Demand for seats in the front of the aeroplane - the industry's most important market - has recovered from the depths of the recession.
Airlines selling more premium seats
Demand for seats in the front of the aeroplane - the industry's most important market - has recovered from the depths of the recession but will remain weak for months to come, an industry trade group said yesterday. The number of passengers in first or business class fell 12 per cent in August compared with a year earlier, the International Air Transport Association (IATA) reported. The premium travel market hit its nadir in May, when passenger numbers were down 23.5 per cent compared with a year earlier.

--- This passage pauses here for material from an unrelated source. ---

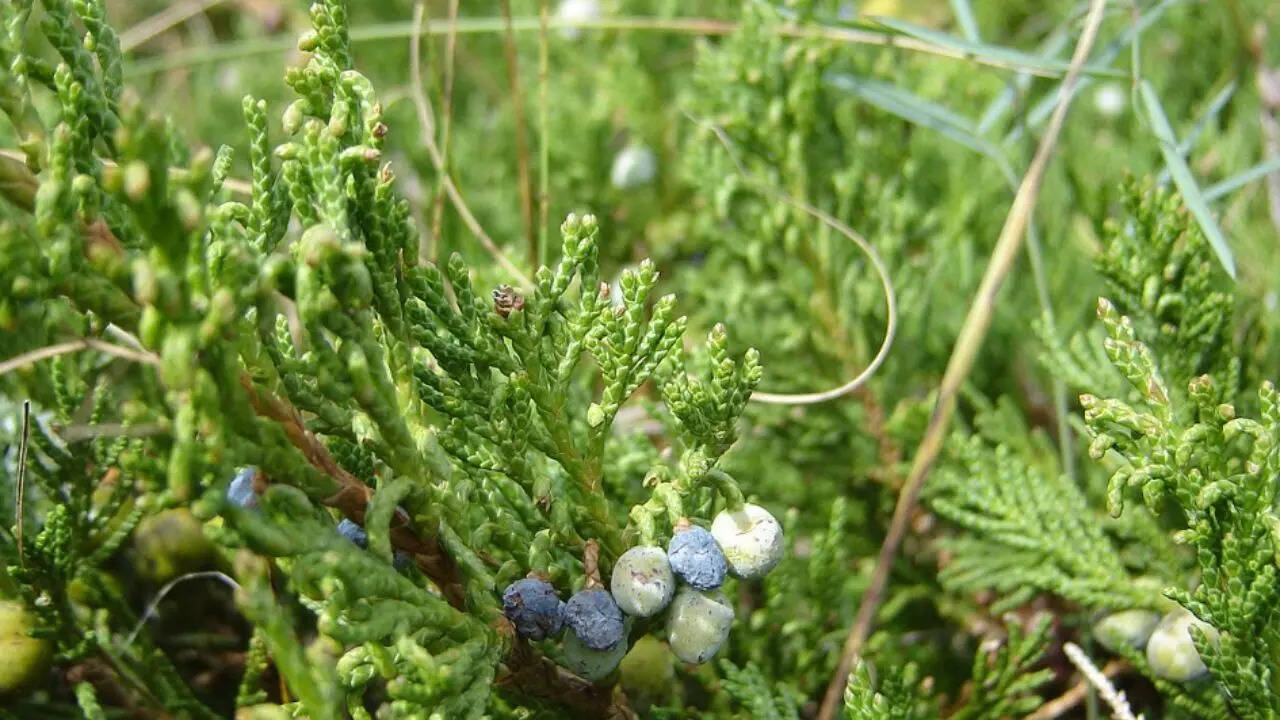 Juniper shrubs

Total revenues from premium travel were still down by 30 per cent in August, the latest month for which data was available, IATA said. Premium seats represent less than 10 per cent on a typical aircraft, but make up 30 per cent of ticket revenues. Gulf airlines, including Etihad Airways and Emirates Airline, have built their popularity in large part on the luxury of their premium seats. "The recovery of this market segment is key for a return to profitability for most network airlines," IATA said. "Given the volatile month-to-month past pattern in premium travel and the relatively weak upturn in world trade, some fall-back in premium travel in September would not be unexpected."
Average fares for premium seats were down 18 per cent from a year earlier, and IATA said the recovery in passenger numbers did not necessarily indicate a recovery in revenues from the premium market. "Some of the rise in premium travel could be upgrades with little benefit to yields," IATA said. In the Middle East, premium travel to Europe and East Asia was down almost 10 per cent in August, IATA said, with some of the decrease attributed to the start of the holy month of Ramadan.
The level of exposure to the premium market will be a key factor in the current weak market, the chief executive of Qatar Airways said this week. Qatar will keep expanding with new Airbus A340 aircraft that have fewer business-class seats than its competitors, Akbar al Baker told Bloomberg. "Business-class travel is still buoyant with us because we don't have the same exposure that other airlines have," he said. "It's not difficult to fill this when you have a reasonable number and you give a first-class service."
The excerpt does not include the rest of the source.